Source material:

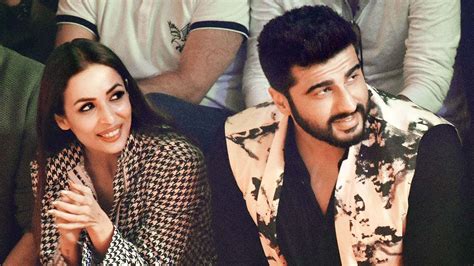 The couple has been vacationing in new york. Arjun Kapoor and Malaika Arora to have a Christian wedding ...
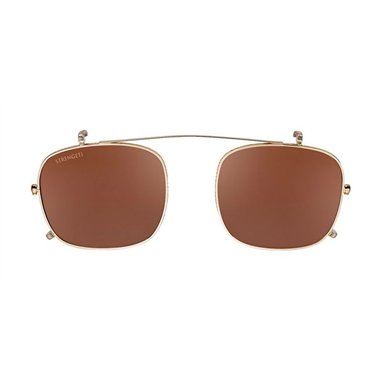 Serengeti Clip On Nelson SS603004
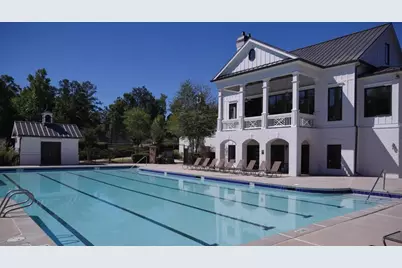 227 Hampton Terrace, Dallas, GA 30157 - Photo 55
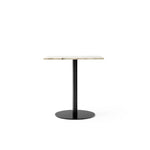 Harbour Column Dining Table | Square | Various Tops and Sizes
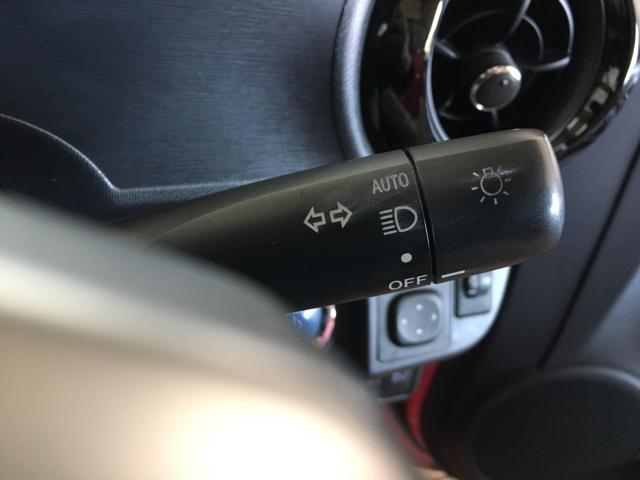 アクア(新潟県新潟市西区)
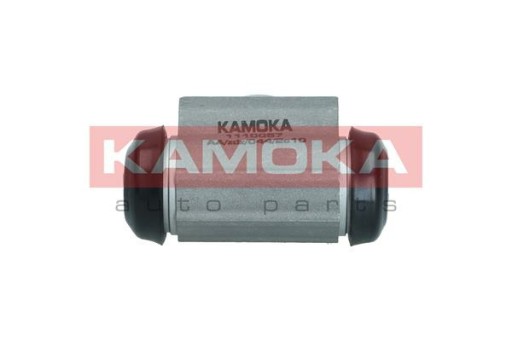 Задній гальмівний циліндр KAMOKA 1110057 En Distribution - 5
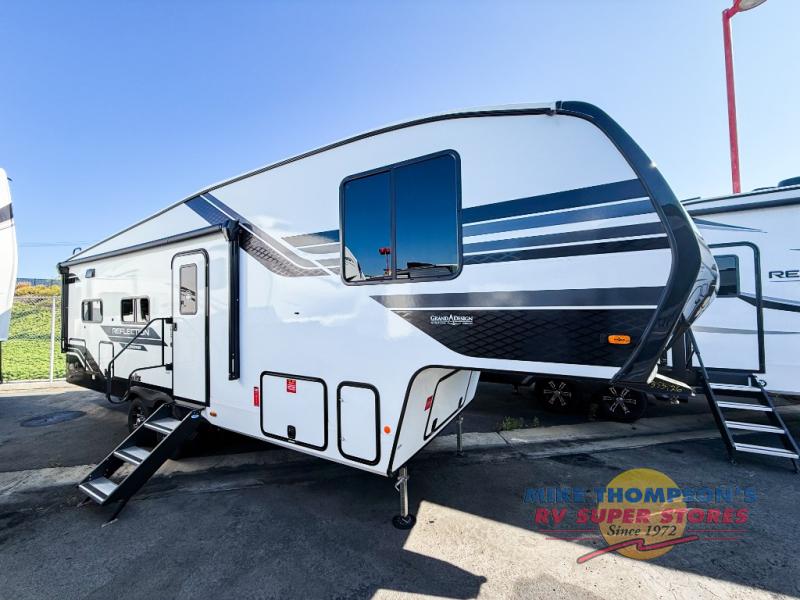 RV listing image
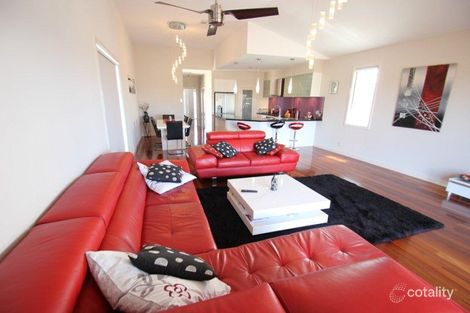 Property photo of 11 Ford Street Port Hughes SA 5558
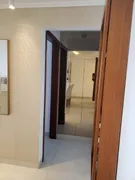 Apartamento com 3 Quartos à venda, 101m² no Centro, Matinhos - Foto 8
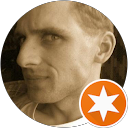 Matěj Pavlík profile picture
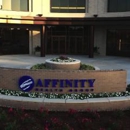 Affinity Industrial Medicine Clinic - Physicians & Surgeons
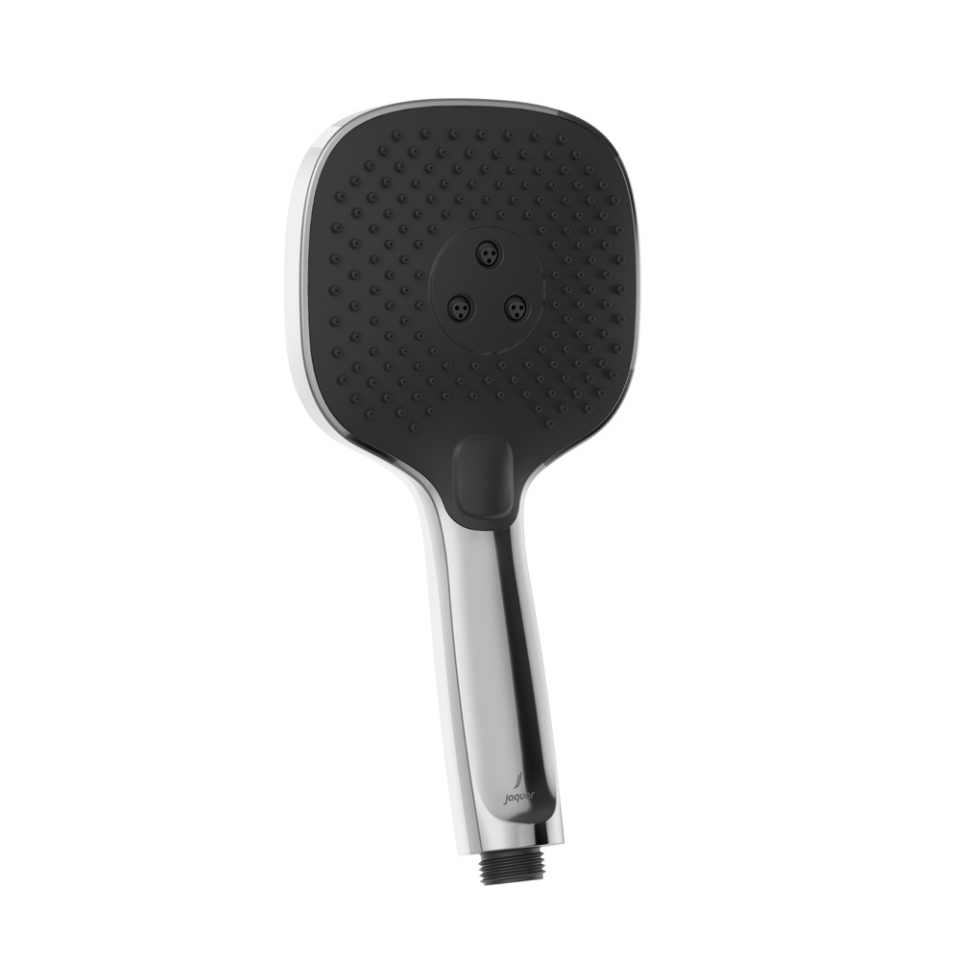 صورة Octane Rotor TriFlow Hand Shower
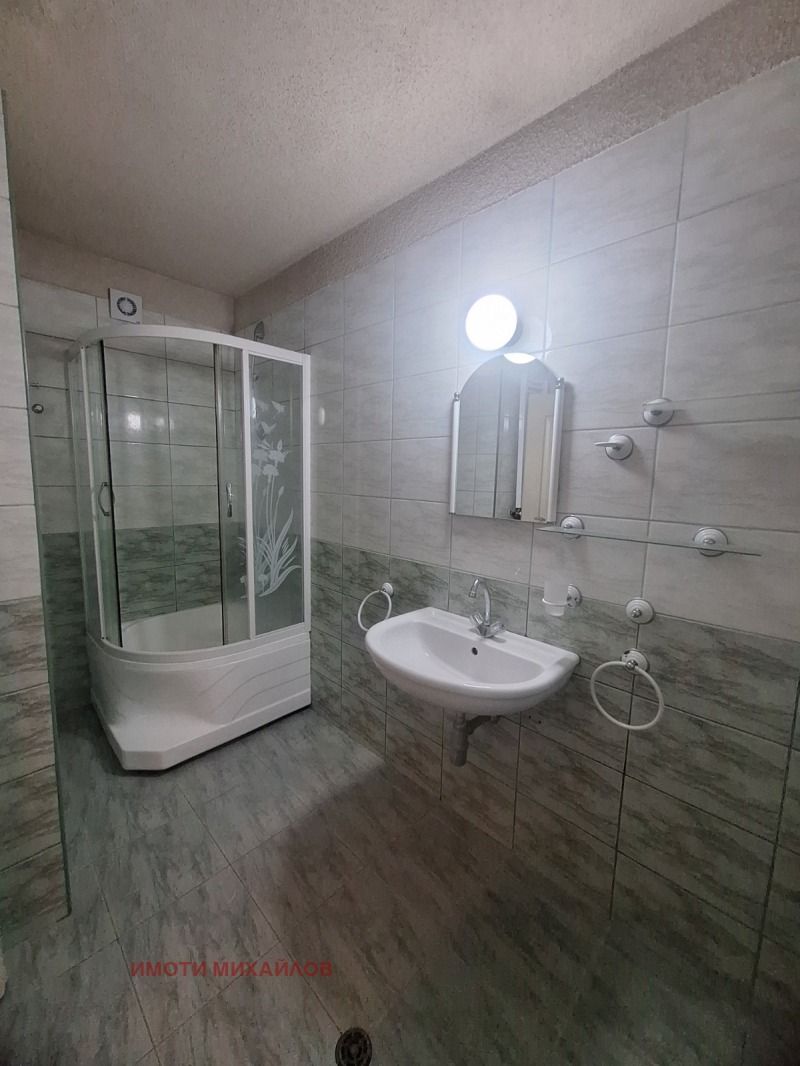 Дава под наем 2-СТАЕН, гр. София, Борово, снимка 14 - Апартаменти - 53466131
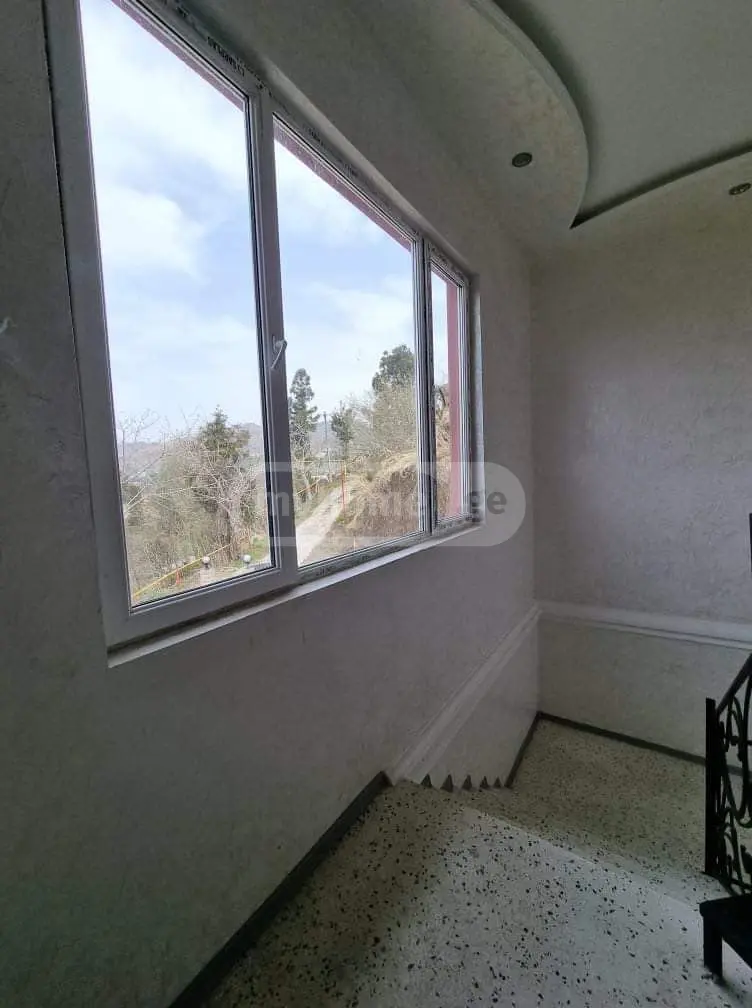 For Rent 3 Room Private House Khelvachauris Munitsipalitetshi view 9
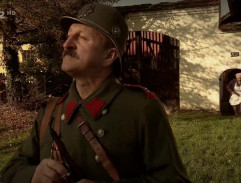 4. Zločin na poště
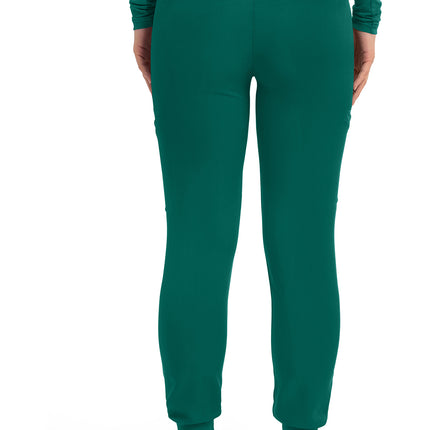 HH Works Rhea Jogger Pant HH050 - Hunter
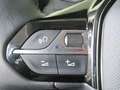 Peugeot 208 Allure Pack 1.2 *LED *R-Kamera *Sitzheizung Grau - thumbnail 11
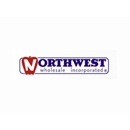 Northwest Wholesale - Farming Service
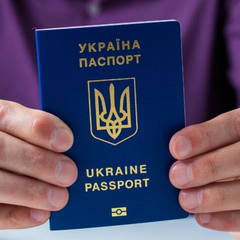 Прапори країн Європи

What you should do: Everything from the line containing "For Rent 3 Room" through the last line of the entries must be repeated verbatim, except pictures.

Exercise response:
 For Rent 3 Room Private House Khelvachauris Munitsipalitetshi view 9
 4. Zločin na poště
 HH Works Rhea Jogger Pant HH050 - Hunter
 Peugeot 208 Allure Pack 1.2 *LED *R-Kamera *Sitzheizung Grau - thumbnail 11
 Northwest Wholesale - Farming Service
 Прапори країн Європи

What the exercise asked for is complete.